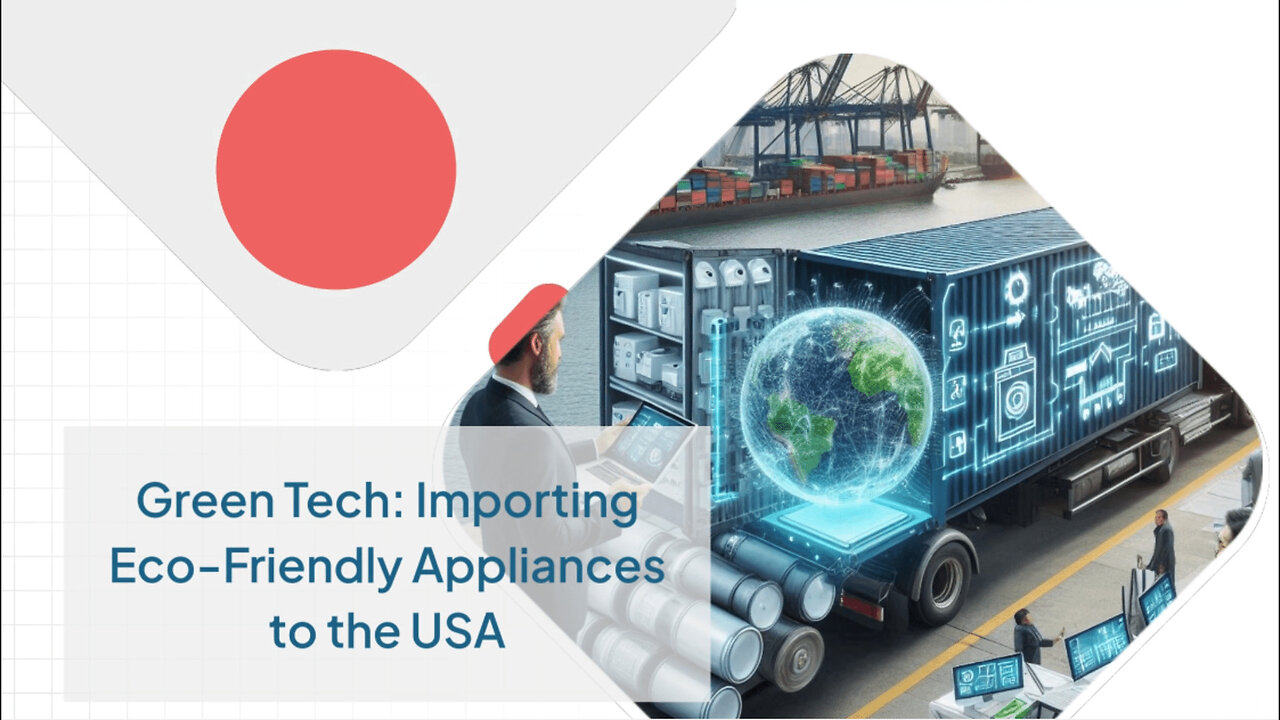 Mastering the Import Process: Bringing Green Technology Solutions into the USA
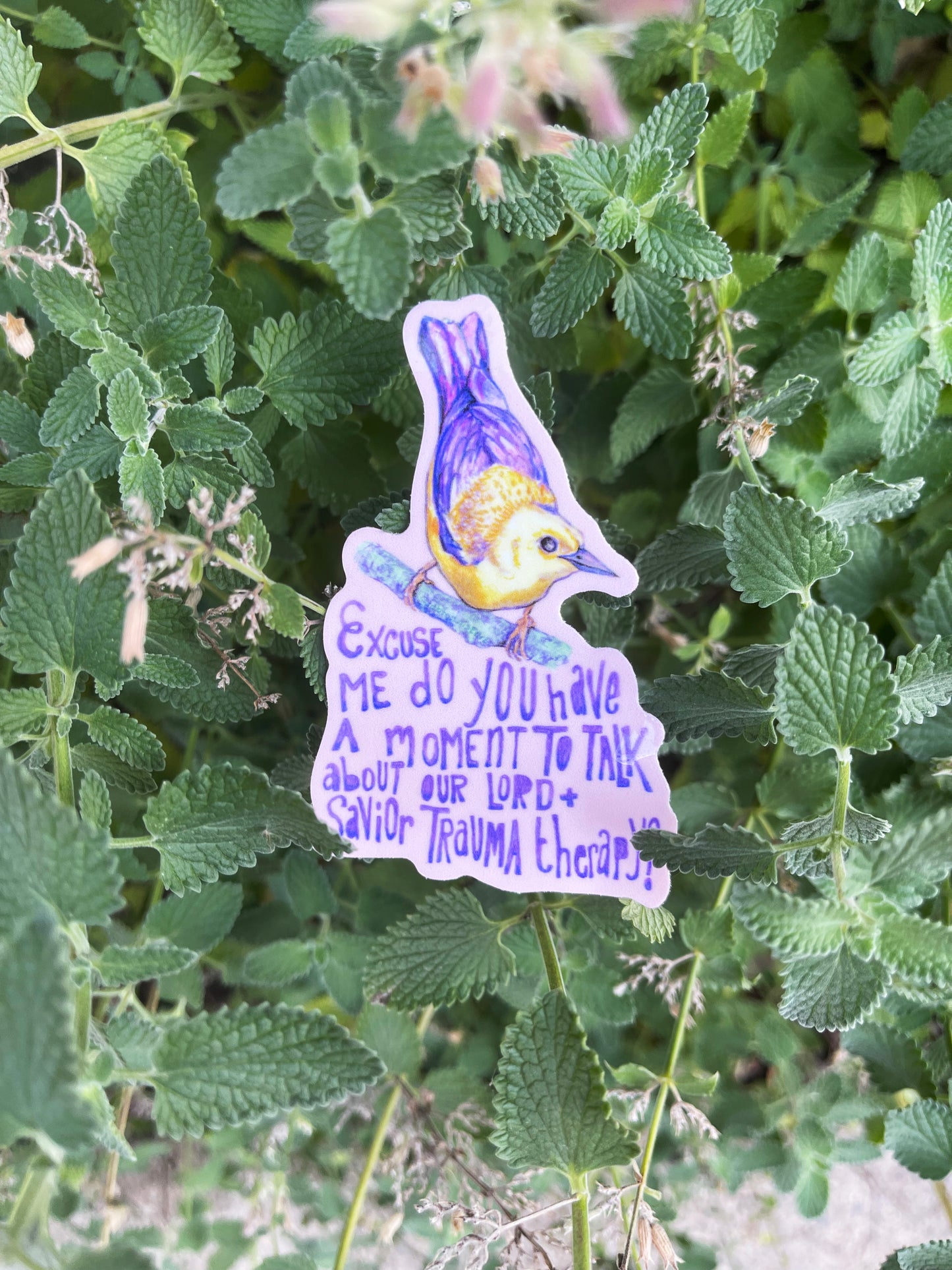 Excuse Me Do You Have A Moment To Talk About Our Lord And Savior Trauma Therapy: Mental Health Sticker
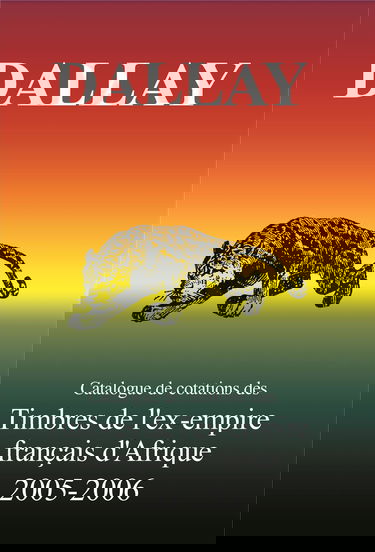Catalogue de cotations. Vol. 4. Timbres de l'ex-Empire français d'Afrique : 2005-2006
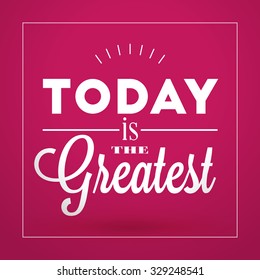 Motivational Typographic Quote - Today is the greatest. Vector Typographic Background Design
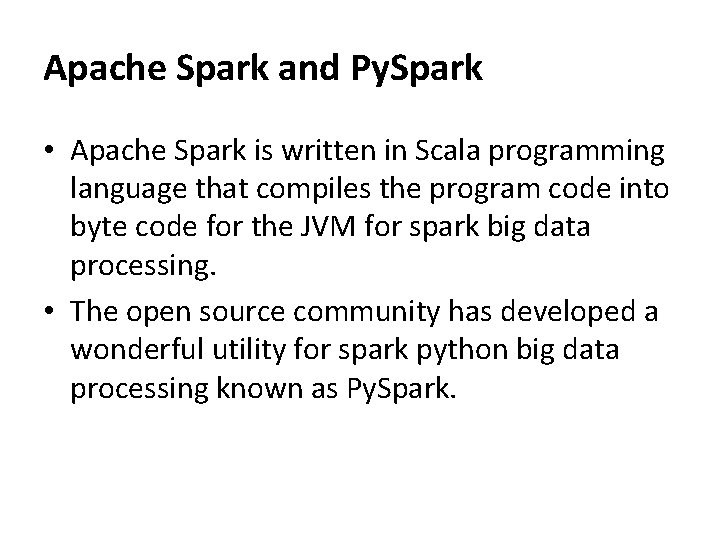 Apache Spark and Py. Spark • Apache Spark is written in Scala programming language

Work order: Print the material above once more, exactly, minus the pictures.

Result for this exercise:
 Mastering the Import Process: Bringing Green Technology Solutions into the USA
 Excuse Me Do You Have A Moment To Talk About Our Lord And Savior Trauma Therapy: Mental Health Sticker
Catalogue de cotations. Vol. 4. Timbres de l'ex-Empire français d'Afrique : 2005-2006
 Motivational Typographic Quote - Today is the greatest. Vector Typographic Background Design
 Apache Spark and Py. Spark • Apache Spark is written in Scala programming language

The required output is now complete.